After finding the line that holds "6 Bedroom Villa" below, set down that line and the rest through the final one exactly, leaving the pictures out.

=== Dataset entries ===
=== Begin Enclosure ===

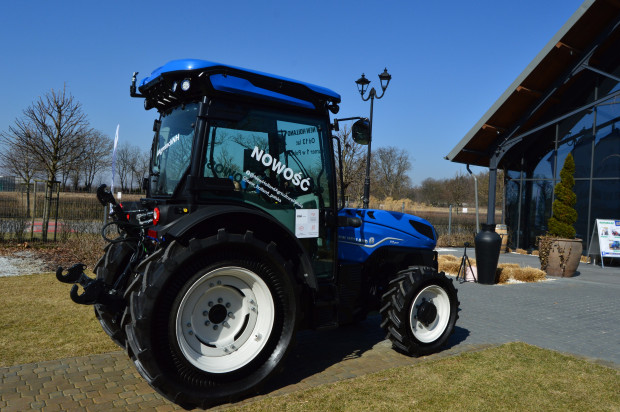 fot. materiały redakcji Nowy ciągnik New Holland T4.120F. Rewolucja w klasie sadowników?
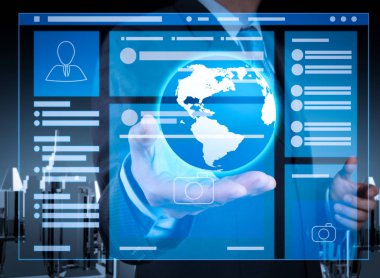  Sosyal medya Page Vr Interface dizüstü computer.a parlayan dünya dünya onun el ve şehir arka plan üzerinde Web sayfası tarayıcı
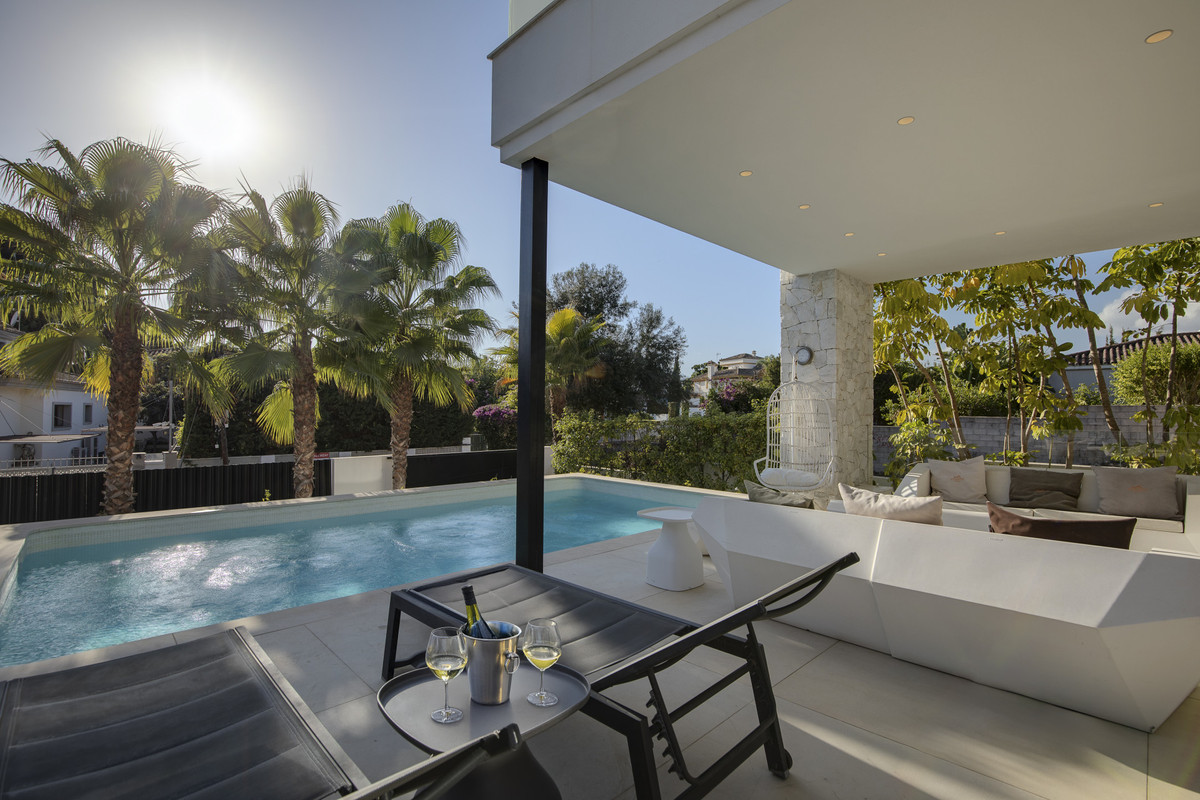 6 Bedroom Villa for Sale in San Pedro de Alcántara — 3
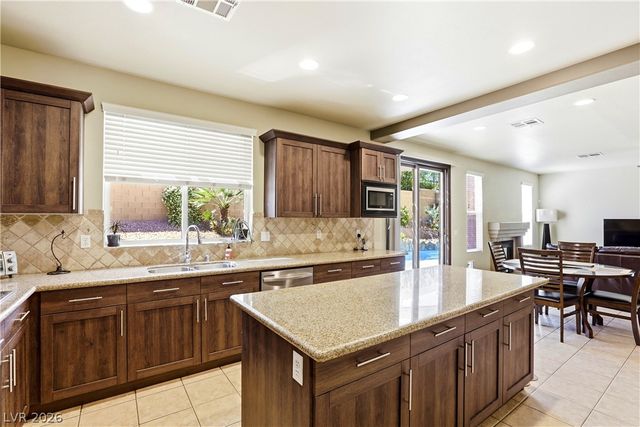 39 Perennial Border Court, Las Vegas, NV 89148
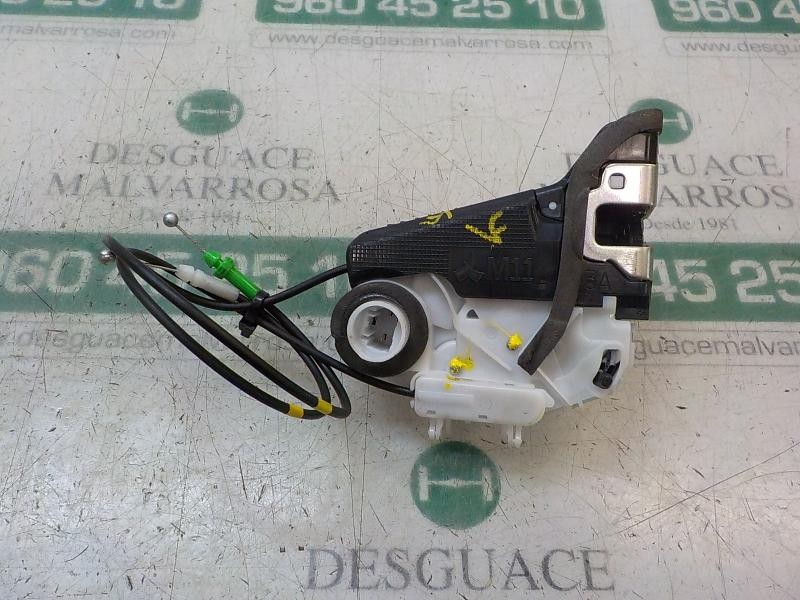 Recambio de cerradura puerta trasera derecha para toyota yaris referencia OEM IAM 690500D310  
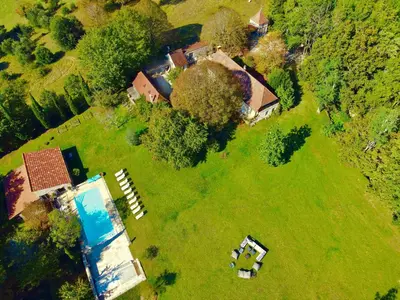 Jardin de l'établissement Gîtes Sibémol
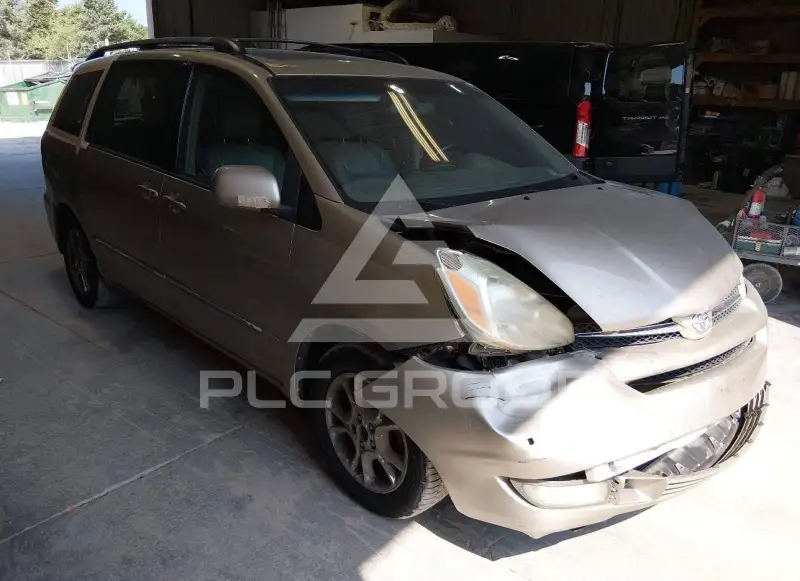 2004 Toyota SIENNA photo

=== End Enclosure ===

=== Completed exercise ===
 6 Bedroom Villa for Sale in San Pedro de Alcántara — 3
 39 Perennial Border Court, Las Vegas, NV 89148
 Recambio de cerradura puerta trasera derecha para toyota yaris referencia OEM IAM 690500D310  
 Jardin de l'établissement Gîtes Sibémol
 2004 Toyota SIENNA photo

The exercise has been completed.